In a swift close-minded stroke, the Obama administration slapped down a suggestion from the incoming Secretary of Transportation, Ray LaHood, that he was studying a tax on vehicle miles traveled as an alternative to the gas tax.

After an interview where the incoming Transportation Secretary said “What I see this administration doing is this — thinking outside the box on how we fund our infrastructure in America,” the President’s spokesperson immediately squashed the idea. Press secretary Robert Gibbs said, “I can weigh in on it and say that it is not and will not be the policy of the Obama administration.”

Whoa! What about an open exploration of ideas? What about a look at alternatives to the failed way we are now funding the Interstate Highway System? What about the swelling support of state officials who have studied these programs?
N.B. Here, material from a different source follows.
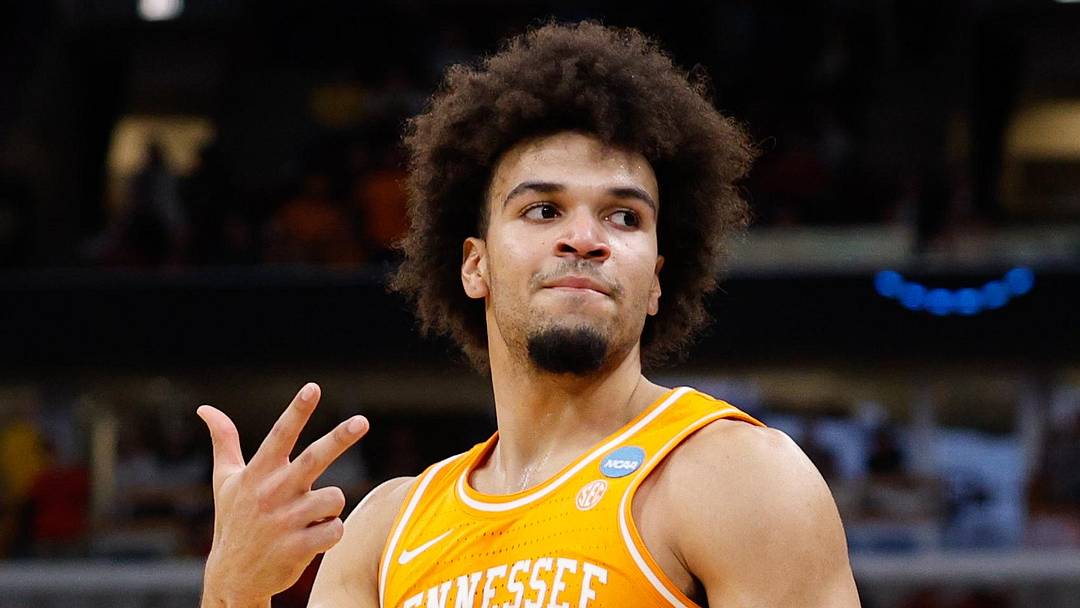 Mar 27, 2026; Chicago, IL, USA; Tennessee Volunteers guard Ja'Kobi Gillespie (0) reacts in the second half against the Iowa State Cyclones during a Sweet Sixteen game of the Midwest Regional of the men's 2026 NCAA Tournament at United Center. Mandatory Credit: Kamil Krzaczynski-Imagn Images Mar 27, 2026; Chicago, IL, USA; Tennessee Volunteers guard Ja'Kobi Gillespie (0) reacts in the second half against the Iowa State Cyclones during a Sweet Sixteen game of the Midwest Regional of the men's 2026 NCAA Tournament at United Center. Mandatory Credit: Kamil Krzaczynski-Imagn Images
What about the nine out of ten Oregon residents who gave the taxation system the thumbs up after testing the system? What about the 21st Century Transportation Committee recommendation only a few months ago?

There might be something to this tax on vehicle miles as an alternative. Shouldn’t it at least be studied as a possible alternative to pumping $8 billion into the underperforming gasoline tax funding our highways? To be honest, until LaHood got the big “no” from Obama, I wasn’t really aware of these studies. Now, after a quick scan through the Internet and a reading of several articles, it doesn’t seem like such a bad idea.

Of course there is the normal “Big Government Boogieman” problem, but after the $878 billion infusion, government takeovers of banks, ubiquitous credit cards, internationally-linked intelligence and police databases, airport scanners that see through our underwear and EZpass electronic transponders, what do we have left to hide?

This kind of negative reaction to “out-of-the-box” thinking seems like a repeat of the Catholic Church trying Galileo for heresy before they even studied his ideas. At the least, the public lashing of the new Transportation Secretary wasn’t a good start for exploring new ideas, open government or the vaunted “Yes we can” attitude.

When “No you can’t” are the first words out of the White House spokesperson’s mouth, the commitment to new ideas seems a might tarnished.

To be sure, the concept of a tax on vehicle miles is not going to go away, no matter what Obama and his minions say. The tax on vehicle miles is a concept that offers an alternative to today’s failing system. It provides a system of charging drivers for use of the nation’s highway systems regardless of how they power their cars and trucks.

It can allow for higher highway charges during rush hour that might encourage greater use of mass transit or at least a shift in driving habits to lessen traffic jams. It may prove to be a far fairer tax.

Transportation Secretary LaHood, governors, state highway committees and citizens deserve more than a knee-jerk kick in the teeth when they suggest ways to change the failing status quo.